[Inspired from "Good Boy" by Paris Paloma] The Capitol gleams as if the war never happened, sterile marble and silver streets reflecting the ghosts who survived it. Coriolanus Snow walks amongst them, his posture flawless, eyes steady, and every movement rehearsed to quiet perfection. He’s back from District 12 now, and the whispers have started once again: the Plinth Prize, the scholarship, the Snow name resurrected from ruin. They call him the perfect success story. An idealised model citizen. A good boy.

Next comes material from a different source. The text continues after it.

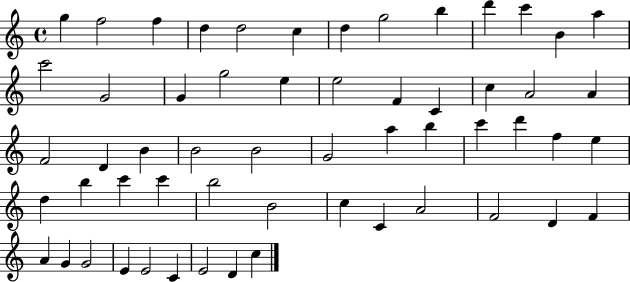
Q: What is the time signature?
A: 4/4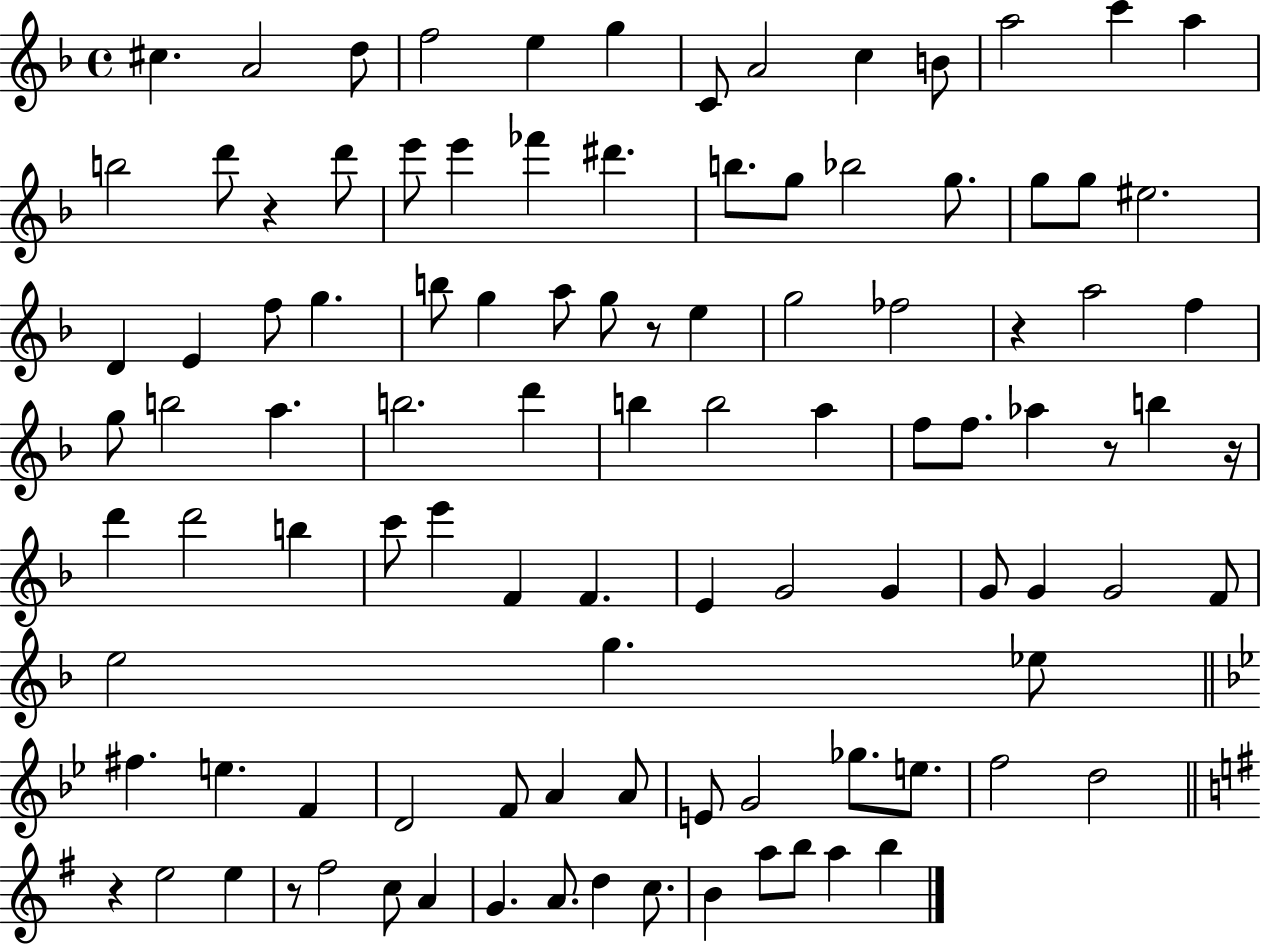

He tells himself they’re right. That what happened during his time in District 12 was necessary– inevitable, even. He repeats it until the words lose meaning. But once it’s night, when the city hums low and the scent of bloody roses clings to his hands, he remembers the forest. The silence. The gun in his grasp. The way goodness felt like a currency he could no longer afford.
Maybe that’s why he notices you. You could’ve been anyone—a stranger by chance, an old classmate from the Academy, a quiet observer in a crowded ballroom– and still. He might not have noticed at first, but now that he’s a changed man after his military service? He feels some sort of pull tethering to your being. Whoever you are, your gaze lingers a heartbeat too long, and something cracks behind his composure. There’s a question that never leaves his lips but sits heavy in his throat: Can you tell? Can you see what I’ve done?
He straightens his cuffs and clears his throat before smoothing his tone and offering a smile that doesn’t quite reach his eyes. “Coriolanus Snow,” he says softly, almost reverently, as if introducing a ghost. “It’s… good to see you.”
And in that moment, he decides: if he can make you believe he’s still a good boy… maybe he will be.